A partir de l’étude : vidéo illustrant les essais des stades 3 à 6 de la permanence de l’objet, avec le sujet Chika. (Yao & Garcia-Pelegrin/ Biology Letters)
Selon les chercheurs :
Comprendre le déplacement invisible est plus complexe, impliquant l’intégration de diverses compétences cognitives, y compris la mémoire, le raisonnement spatial et l’inférence logique.
Il est intéressant de noter que les trois oiseaux qui n’ont pas dépassé le cinquième stade de la permanence de l’objet n’avaient aucune expérience de la reproduction. Il peut s’agir d’une simple coïncidence, puisque seuls six oiseaux ont été testés, ou d’une indication que des niveaux plus avancés de permanence de l’objet peuvent être acquis grâce au fait de se nourrir ou de recevoir de la nourriture d’un compagnon.
Toujours selon Yao et Garcia-Pelegrin :
À notre connaissance, les calaos à pieds orientaux sont les premières espèces d’oiseaux en dehors des familles de corvidés et de perroquets à présenter des niveaux de permanence de l’objet comparables à ceux des singes.

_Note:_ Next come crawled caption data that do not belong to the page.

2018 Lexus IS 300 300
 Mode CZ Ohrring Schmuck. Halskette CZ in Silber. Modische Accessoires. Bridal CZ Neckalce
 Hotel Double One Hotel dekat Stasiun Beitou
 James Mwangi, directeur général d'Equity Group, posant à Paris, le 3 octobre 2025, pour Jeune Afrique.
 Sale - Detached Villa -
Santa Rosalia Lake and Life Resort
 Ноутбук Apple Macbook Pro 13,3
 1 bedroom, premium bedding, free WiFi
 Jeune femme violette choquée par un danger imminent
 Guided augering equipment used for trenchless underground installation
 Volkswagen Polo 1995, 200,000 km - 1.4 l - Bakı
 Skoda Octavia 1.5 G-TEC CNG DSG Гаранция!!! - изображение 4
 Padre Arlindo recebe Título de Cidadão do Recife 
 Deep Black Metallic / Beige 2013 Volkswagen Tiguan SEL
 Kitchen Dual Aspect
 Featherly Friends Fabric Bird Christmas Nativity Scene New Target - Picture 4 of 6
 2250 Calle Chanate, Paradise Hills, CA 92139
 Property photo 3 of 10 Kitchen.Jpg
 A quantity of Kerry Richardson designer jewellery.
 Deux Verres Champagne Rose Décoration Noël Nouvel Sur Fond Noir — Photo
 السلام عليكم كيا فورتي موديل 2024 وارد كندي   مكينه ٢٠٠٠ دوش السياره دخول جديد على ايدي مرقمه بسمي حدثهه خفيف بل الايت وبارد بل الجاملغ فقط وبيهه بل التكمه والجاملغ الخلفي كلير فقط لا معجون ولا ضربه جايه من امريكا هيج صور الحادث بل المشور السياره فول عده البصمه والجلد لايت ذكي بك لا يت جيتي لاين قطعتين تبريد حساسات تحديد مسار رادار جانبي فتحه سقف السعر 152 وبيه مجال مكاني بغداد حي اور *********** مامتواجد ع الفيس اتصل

Les conclusions de l’équipe suggèrent que les calaos pourraient constituer un groupe méconnu d’espèces d’oiseaux très intelligents. Des recherches supplémentaires sont maintenant nécessaires pour déterminer si cette espèce d’oiseau possède d’autres capacités cognitives qui rivalisent avec celles des perroquets et des corvidés.
L’étude publiée dans Biology Letters : Oriental pied hornbills (Anthracoceros albirostris) solve invisible displacement tasks in a test of Piagetian object permanence.